FTR: SCI for July remains near neutral

FTR: SCI for July remains near neutral

FTR’s Shippers Conditions Index (SCI) for July, showing a miniscule improvement from June, remains at a near neutral reading of -0.1, the firm reports.

The index will continue to hover around equilibrium until early 2017 when steady increases in regulatory drag will increase trucking costs due to tightened capacity.  The additional regulations queued up affecting the trucking industry could make conditions for shippers much worse toward the end of 2017. 

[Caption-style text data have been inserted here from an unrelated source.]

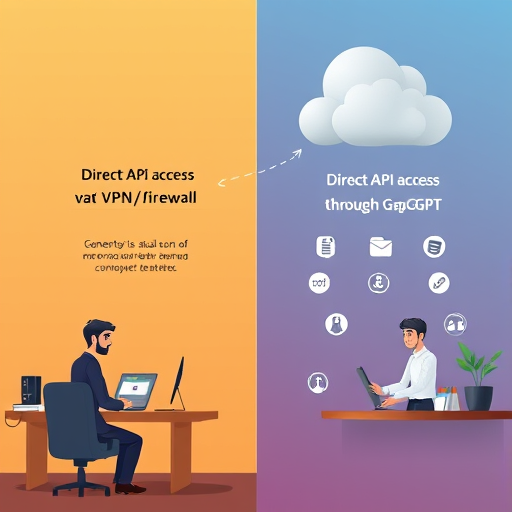 animated diagram comparing direct API access via VPN/firewall vs.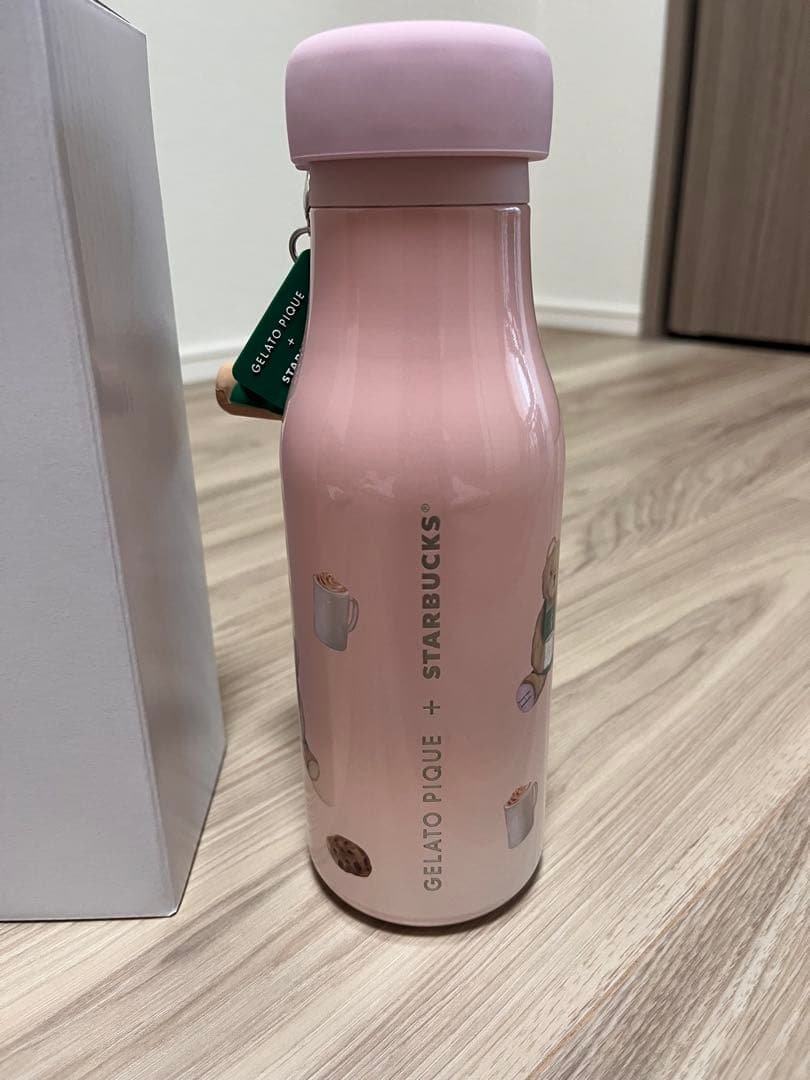 スターバックス　ジェラートピケ リッドカバー ステンレスボトル ピンク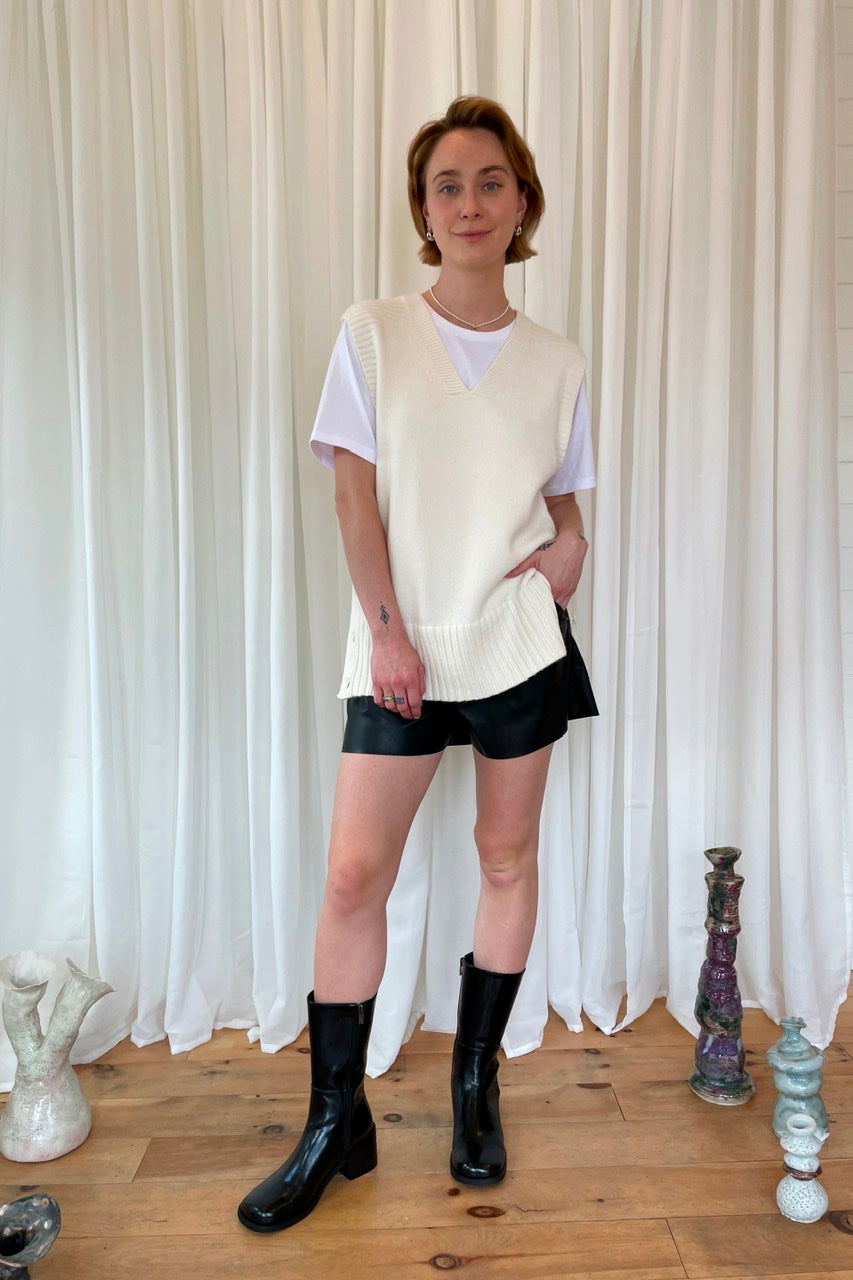 Oversized Knit Vest in Cream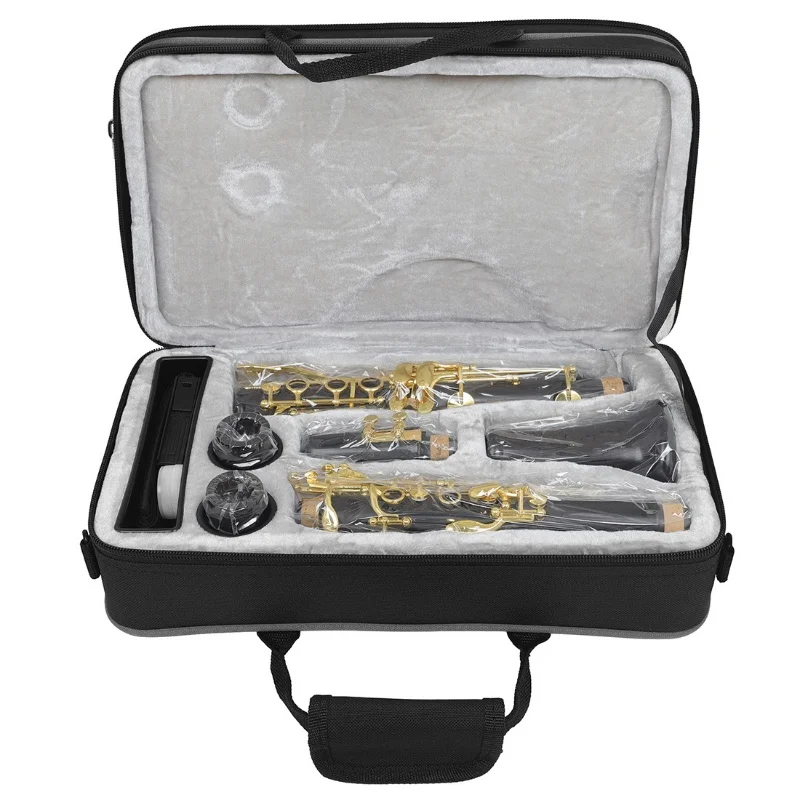 High-grade ebony clarinet Black gold key B-flat clarinet for adult beginners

FTR July Shippers Conditions Index
FTR July Shippers Conditions Index

The Shippers Conditions Index is a compilation of factors affecting the shippers transport environment.  Any reading below zero indicates a less-than-ideal environment for shippers.  Readings below -10 signal conditions for shippers are approaching critical levels, based on available capacity and expected costs.  Details of the factors affecting the July Shippers Conditions Index, along with an update from the regulatory front, are found in the September issue of FTR’s Shippers Update published Sept. 6, 2016.

Jonathan Starks, COO at FTR, said: “U.S. shippers have been enjoying a relatively benign transportation market over the last 12 months, as indicated by the near-neutral numbers of the July Shippers Conditions Index. Those conditions will continue for most of 2016 before shifting as we move into 2017. It is a concern that inventory levels continue to remain elevated, but there seems to be little pressure to significantly reduce them in the near-term. Combine that with sluggish manufacturing activity, which has been only partially offset by strength from consumers, and you end up with a freight environment that hasn’t grown strong enough for carriers to remain fully utilized. Without that tight capacity, carriers have been unable to apply upward pressure on pricing. So far, shippers have benefited as a result; however, our expectations of a change in the market for 2017 still remain in place. This will not be an economic change, but rather a regulatory burden on fleets that will reduce capacity and could tighten the marketplace significantly. If that occurs in late 2017 we could see a quick reversal of the price drops that have occurred over the last year.”